(Stored data entries)
===
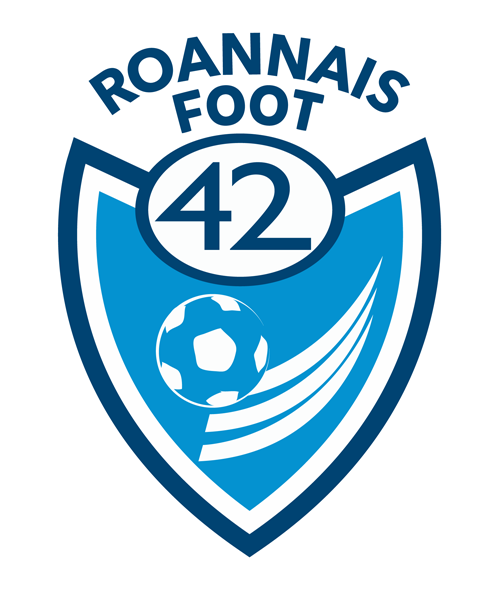 cropped-Roannais_Foot_42_New_Logo_16_interne.png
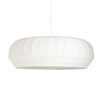 Northern designové závěsná svítidla Tradition Pendant Large Oval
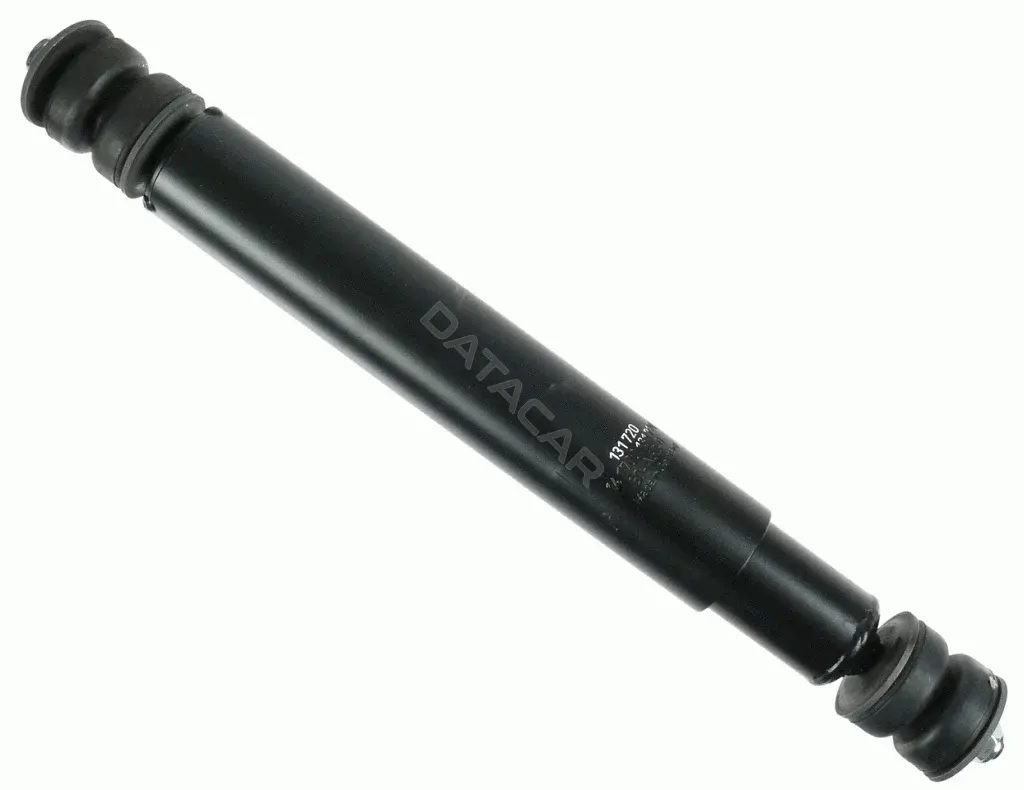 Амортизаторы SACHS 131720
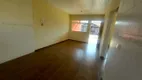 Foto 6 de Apartamento com 2 Quartos à venda, 64m² em Contorno, Ponta Grossa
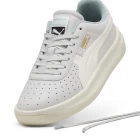 Кросівки жіночі PUMA GV Special Wns White-Warm White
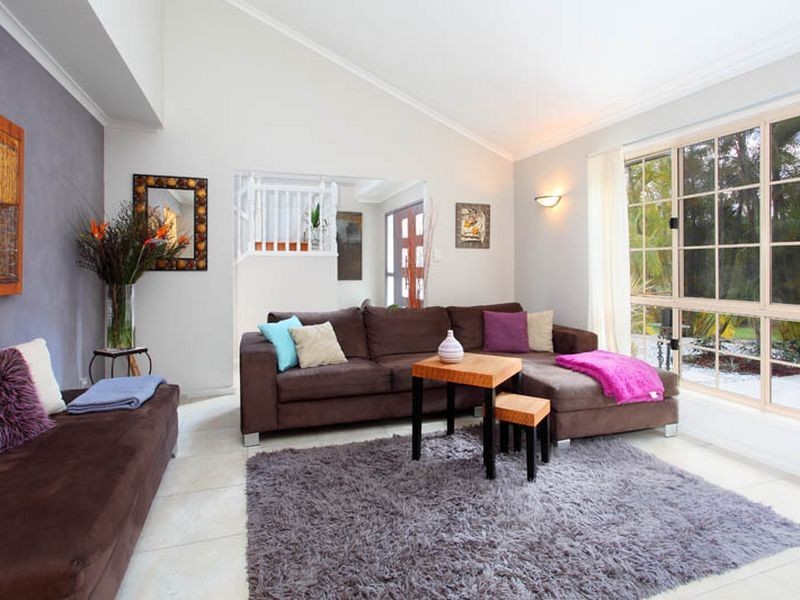 3 Toddington Street, Chapel Hill QLD 4069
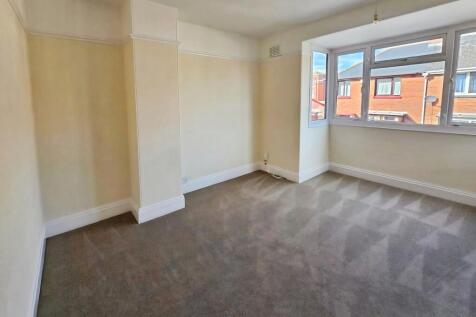 158f9ade-Bedroom ...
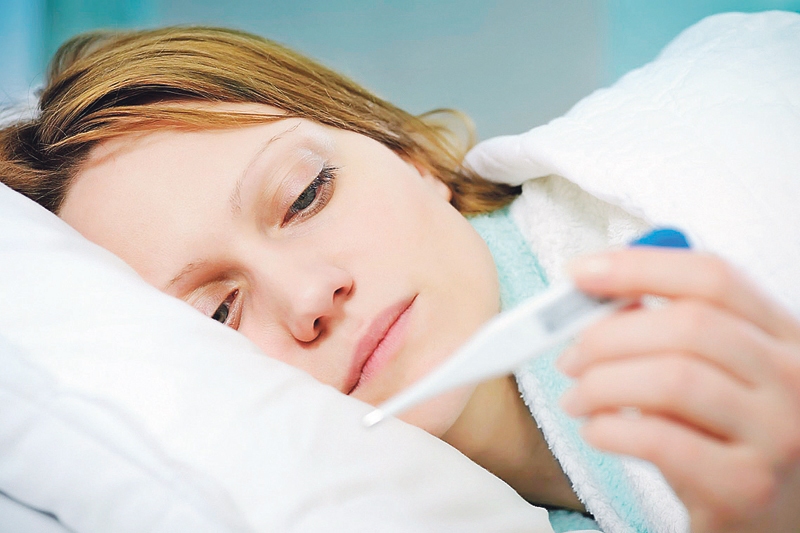 Autors: FOTO no NTZ.LV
===
Repeat the data exactly in full, omitting its pictures.

 cropped-Roannais_Foot_42_New_Logo_16_interne.png
 Northern designové závěsná svítidla Tradition Pendant Large Oval
 Амортизаторы SACHS 131720
 Foto 6 de Apartamento com 2 Quartos à venda, 64m² em Contorno, Ponta Grossa
 Кросівки жіночі PUMA GV Special Wns White-Warm White
 3 Toddington Street, Chapel Hill QLD 4069
 158f9ade-Bedroom ...
 Autors: FOTO no NTZ.LV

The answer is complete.